The terminology problem may be an English, French, Italian and Rumansh one. :) The full country name in German, however, is "Schweizerische Eidgenossenschaft" - and that simply refers to people (comrades) united by an oath. Historically that was a major difference when compared to feudal hierarchical systems. Apart from that, well, secessions have hardly ever occurred because there was a provision for that case in any legal document, but because people wanted to do it ...

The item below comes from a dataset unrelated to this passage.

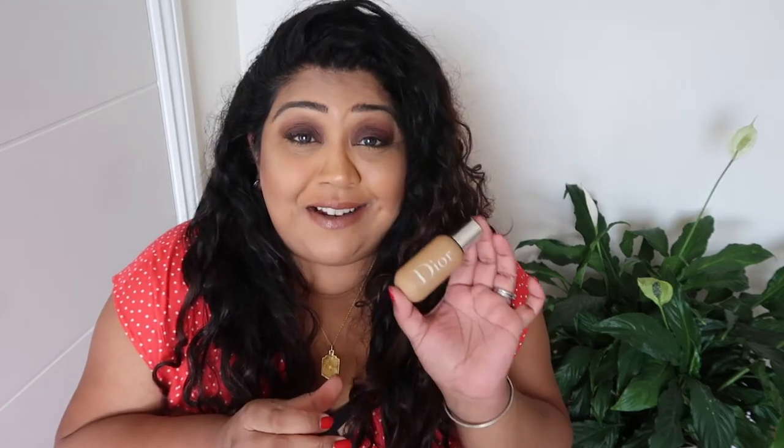This is not a new foundation by any means — I think it's about two years old maybe — and I'm on my second bottle of it, so that just goes to show how much I love it. I was having a conversation with a friend about this recently and we were kind of comparing it to the MAC Face and Body, and she prefers that, I prefer this one.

Another multilingual country which - sometimes - resorts to Latin on its coins is Belgium. Attached is an image from muenzen-news.de which shows a €10 silver coin (king Albert's 75th birthday) and a €100 gold piece (Albert's and Paola's 50th wedding anniversary) from 2009. The "occasions" are in Latin; the other side has the EU map with the country name in Dutch, French and German. Most other recent coins have neutral or English inscriptions though.

Christian



be09.jpg

translateltd

#11
I assume Canada retains Latin inscriptions for the same reasons as the Swiss and (occasionally) the Belgians - to save the space that would otherwise be needed to put everything in two languages.  Something South Africa could consider now that it rotates something like nine languages across its various denominations.

FosseWay

Quote from: <k> on March 13, 2013, 08:59:57 PM
...The home of the English language, the UK, still uses Latin legends - rather surprising when you consider Britain was conquered by the inventors of Latin, those nasty imperialist beasts, the ancient Romans. The fact that the UK (my country of birth) still uses Latin legends, even if in abbreviated form, can only be an example of Stockholm syndrome.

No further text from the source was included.